Source data:
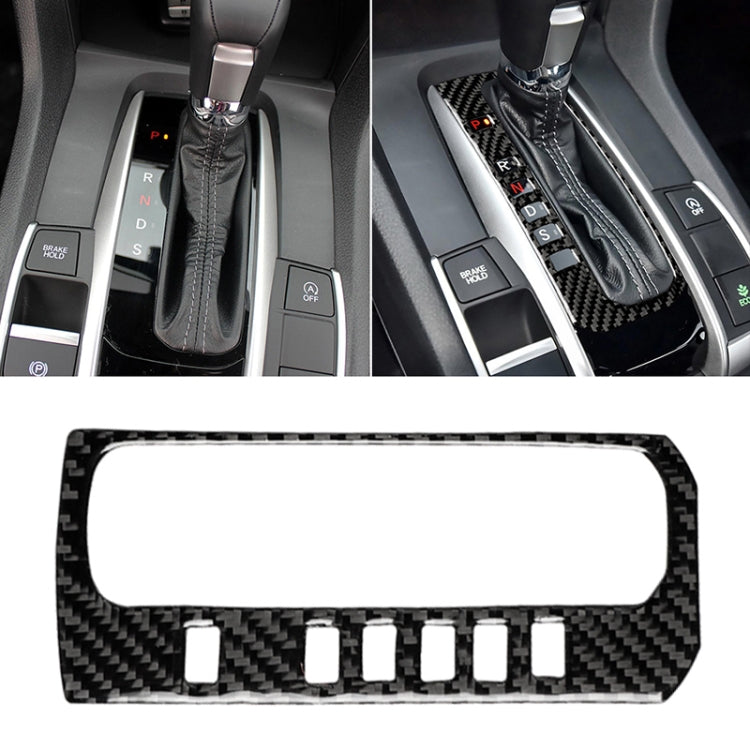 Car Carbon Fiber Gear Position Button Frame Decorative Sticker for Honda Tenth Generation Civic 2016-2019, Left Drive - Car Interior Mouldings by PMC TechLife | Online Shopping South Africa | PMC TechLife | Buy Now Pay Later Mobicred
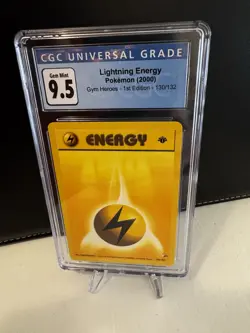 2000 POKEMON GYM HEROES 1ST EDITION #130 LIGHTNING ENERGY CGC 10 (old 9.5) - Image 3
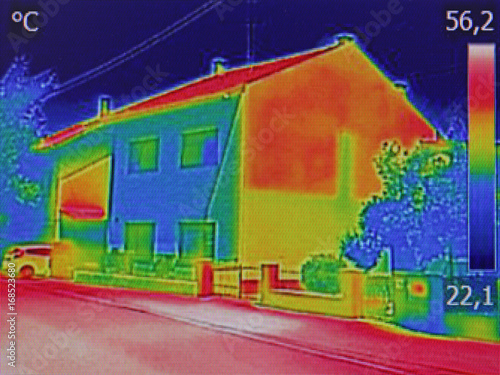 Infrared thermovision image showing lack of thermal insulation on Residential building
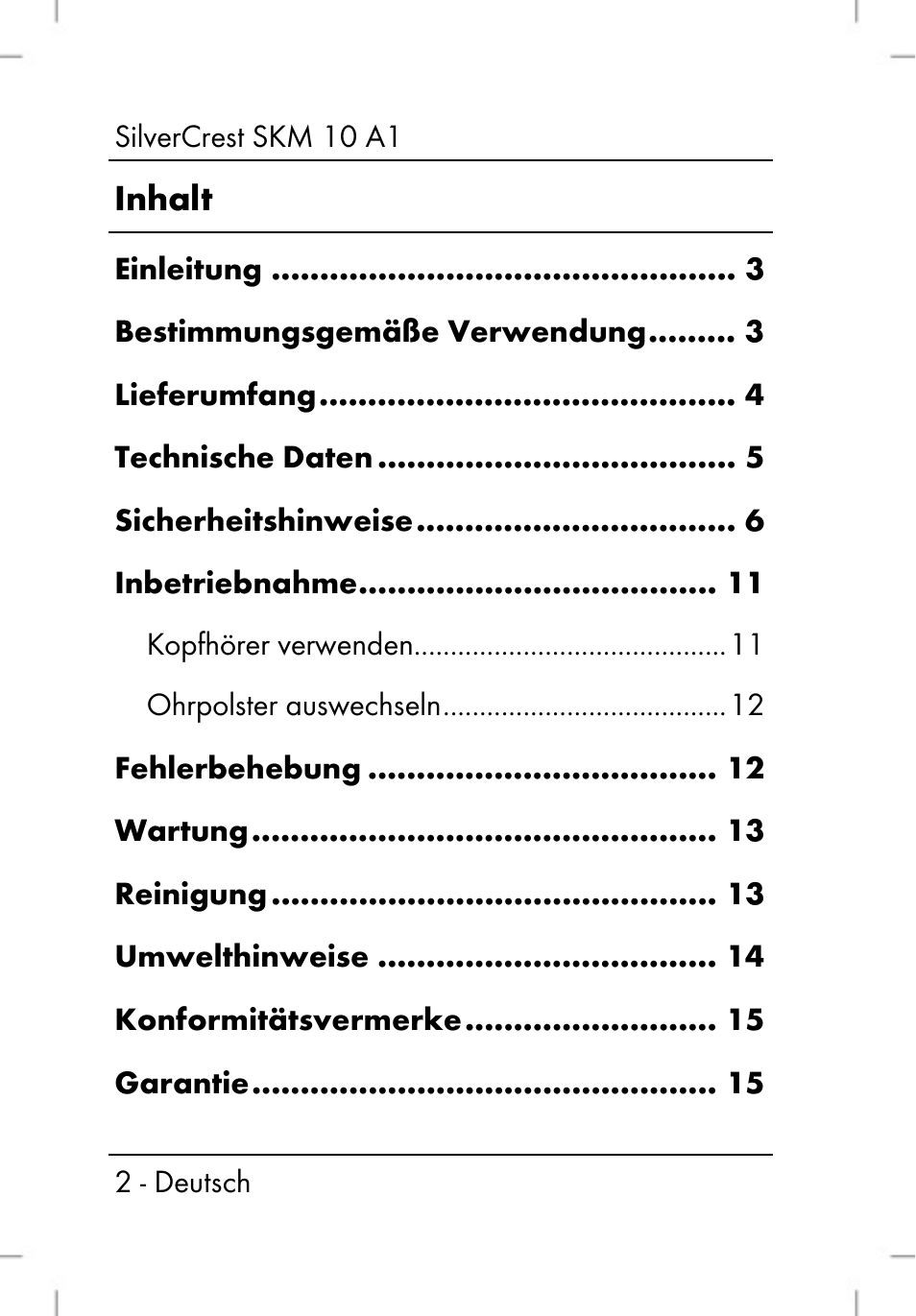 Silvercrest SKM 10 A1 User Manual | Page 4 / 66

Task: Begin at the line containing "2000 POKEMON GYM" and stop at the last line of the data. Repeat only those lines, exactly, and leave out the pictures.

Exercise result:
 2000 POKEMON GYM HEROES 1ST EDITION #130 LIGHTNING ENERGY CGC 10 (old 9.5) - Image 3
 Infrared thermovision image showing lack of thermal insulation on Residential building
 Silvercrest SKM 10 A1 User Manual | Page 4 / 66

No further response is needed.